= James Rickard =

Australian Congregationalist minister

James Rickard (c. 1850 – 25 January 1909) was an Australian Congregationalist minister, remembered as the founder of the Council of Churches in the state of Victoria, Australia.

==History==
Rickard was a son of James Rickard (died 1 February 1887) of Stawell, Victoria.

He studied for the Methodist ministry in the early 1870s and served in the Fingal circuit in Tasmania in 1873, transferred to Toolamba, Victoria in 1875.
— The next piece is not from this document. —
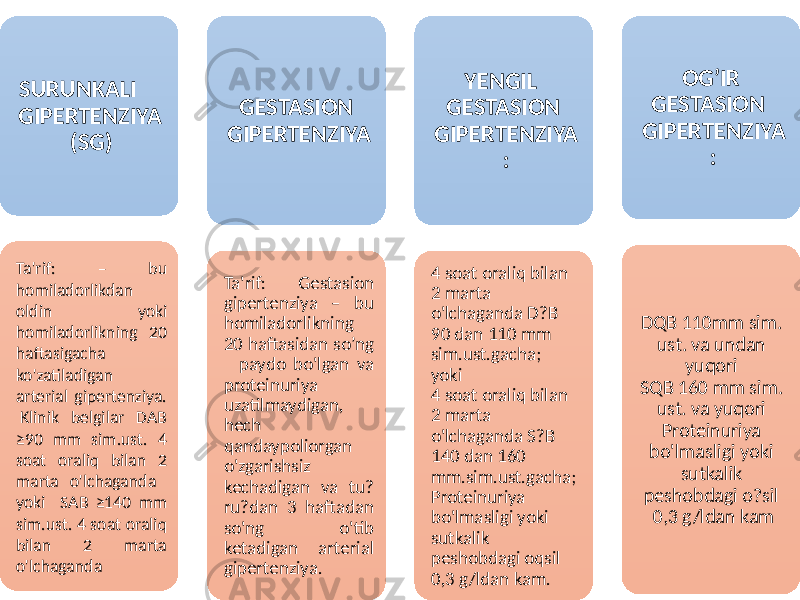 SURUNKALI GIPERTENZIYA (SG) Ta&#39;rif: – bu homiladorlikdan oldin yoki homiladorlikning 20 haftasigacha ko&#39;zatiladigan arterial gipertenziya. Klinik belgilar DAB ≥90 mm sim.ust. 4 soat oraliq bilan 2 marta o&#39;lchaganda yoki SAB ≥140 mm sim.ust. 4 soat oraliq bilan 2 marta o&#39;lchaganda GESTASION GIPERTENZIYA Ta&#39;rif: Gestasion gipertenziya – bu homiladorlikning 20 haftasidan so’ng paydo bo&#39;lgan va proteinuriya uzatilmaydigan, hech qandaypoliorgan o&#39;zgarishsiz kechadigan va tu? ru?dan 3 haftadan so&#39;ng o&#39;tib ketadigan arterial gipertenziya. YENGIL GESTASION GIPERTENZIYA : 4 soat oraliq bilan 2 marta o&#39;lchaganda D?B 90 dan 110 mm sim.ust.gacha; yoki 4 soat oraliq bilan 2 marta o&#39;lchaganda S?B 140 dan 160 mm.sim.ust.gacha; Proteinuriya bo&#39;lmasligi yoki sutkalik peshobdagi oqsil 0,3 g/ldan kam. OG’IR GESTASION GIPERTENZIYA : DQB 110mm sim. ust. va undan yuqori SQB 160 mm sim. ust. va yuqori Proteinuriya bo&#39;lmasligi yoki sutkalik peshobdagi o?sil 0,3 g/ldan kam 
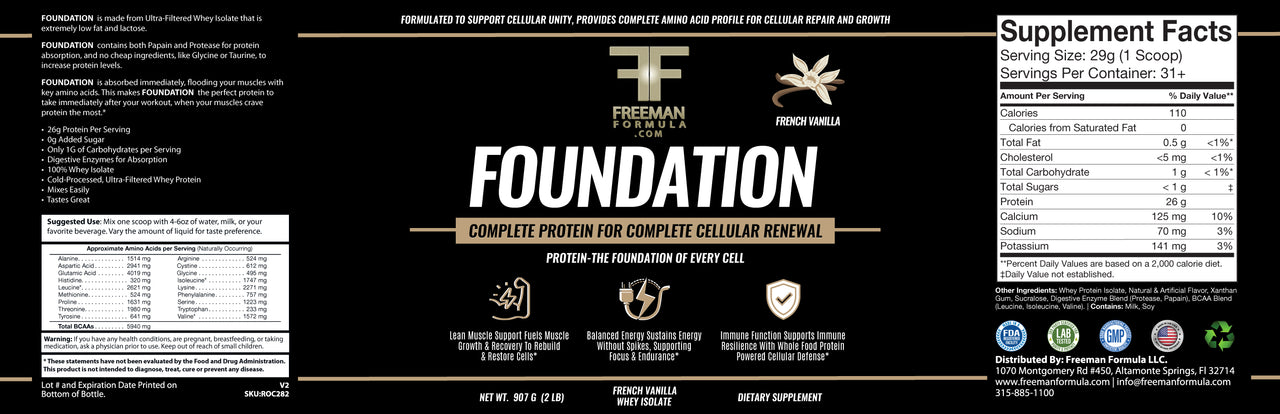 FOUNDATION – Complete Protein for Complete Cellular Renewal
He began his Congregational ministry at the Glebe, New South Wales, church in August 1875. Living at the pastorage, St John's Rd Glebe.

He transferred to the Congregational Church of Brighton, Victoria, in 1885.

He was largely responsible for the creation and early success of the Victorian Council of Churches, serving as secretary from its inception to 1906, when he relinquished that position due to illness, and was elected president.

In 1907 he accepted a transfer to the less demanding pastorate of Surrey Hills, and died a few years later.

==Recognition==
A memorial tablet dedicated to his memory was unveiled at the Brighton Congregational Church in November 1909.

==Family==
Rickard married twice:
- to Elizabeth Smith (c. 1845 – 11 September 1879) on 4 October 1875.
She gave birth to a son at the Glebe on 15 August 1879; and died a month later.
- to Elizabeth Clark (born c. 1843?) of Hobart on 24 September 1880. They had at least one child:
- Elizabeth Mary Rickard born Glebe 28 July 1881 – 15 February 1926
His eldest daughter Ethel Jane Rickard married Thomas Stephen Hart, MA., lecturer at Ballarat School of Mines, on 14 December 1898,
Other daughters were Harriet "Hattie", Irene, Elizabeth, Mabel "Maisie".

James E. Rickard was a son, perhaps the same person as E. Rickard, who was accepted as a probationary student of the Congregational College of Victoria in 1900, and as James E. Rickard was Congregational minister in Queensland.